February 11, 2020
Interestingly enough, upon reflection of Lucas becoming a City Councilman, I realized that my eldest son, Justin Johnson, has long been on the church council and served as a volunteer fireman; my eldest daughter, Missy, (Lucas’ twin) is on the Texhoma, Texas, city council and her husband is on the school board; my youngest daughter, Lisa Schulz, is on the Gruver Economic Development committee for the City and I think is the Chamber of Commerce (yes, I might be exaggerating) and her husband has recently been named to the church council.
It is my opinion that we all owe some time to our community. Whether it is as a Sunday School teacher or as a Kid’s Inc. coach or a Main Street Guymon volunteer, we all need to give to our community to make sure that it is a good community. Public and civic service is not to make you more money or gain personal accolades. It’s because it’s the right thing to do.
Having my children all serving their communities gave me a feeling of completeness. Anyway, back to the email of advice. Here’s what I said to Lucas:
“The most important thing about public service is that you remember it is not about you, but about a job that needs done. Being part of a city council / church council / school board means that you are representing the public / parishioners. You’re not there to make sure your opinions are served, or that your pet projects get done before others, you are there to make decisions that are the best for the people and the entity in the long run.
“The difficult part about public service is listening to people and remembering there is a silent population that you cannot forget. Just because someone is loudest, does not mean they are the majority or they are right. You also have to take into consideration that the public does not understand all the issues needing to be considered in a decision. Which brings up part of your responsibility, which is very difficult …

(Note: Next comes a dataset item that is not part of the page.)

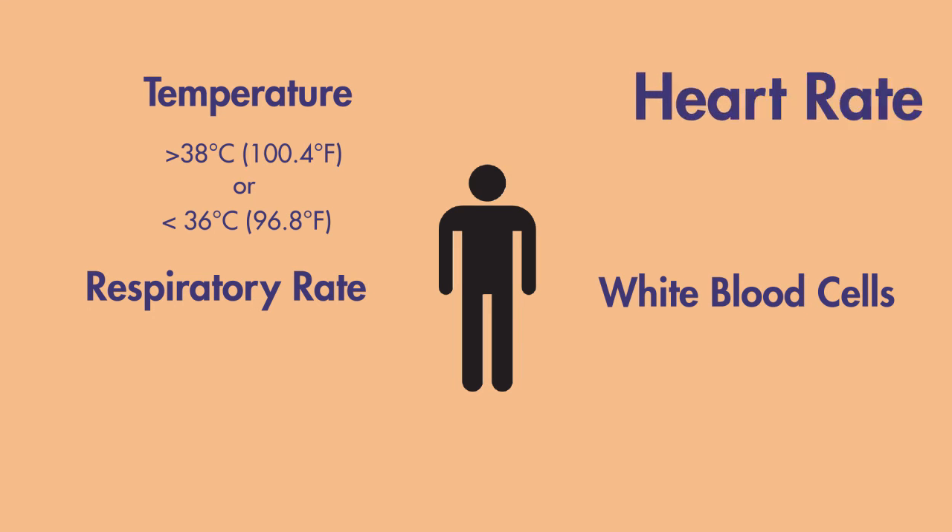When we consider heart rate in the setting of an infection, it is usually faster than normal. In the case of SIRS criteria, we consider greater than 90 beats per minute as the cutoff point.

“You need to be keeping the public informed. You make the effort, even if they do not especially want to learn. Invite them to give you their opinion. Invite them to listen to your opinion. Invite them to your meetings … and make them feel comfortable when they are there. Just because you have a vote does not mean that you’re more important than they are … you simply have more responsibility.
“This does not mean that you have a week long community meeting during your regular meetings, but that you have meetings open to the public that are for brainstorming and teaching and discussion … the official meetings are for making decisions that you should have been hearing about for a long time.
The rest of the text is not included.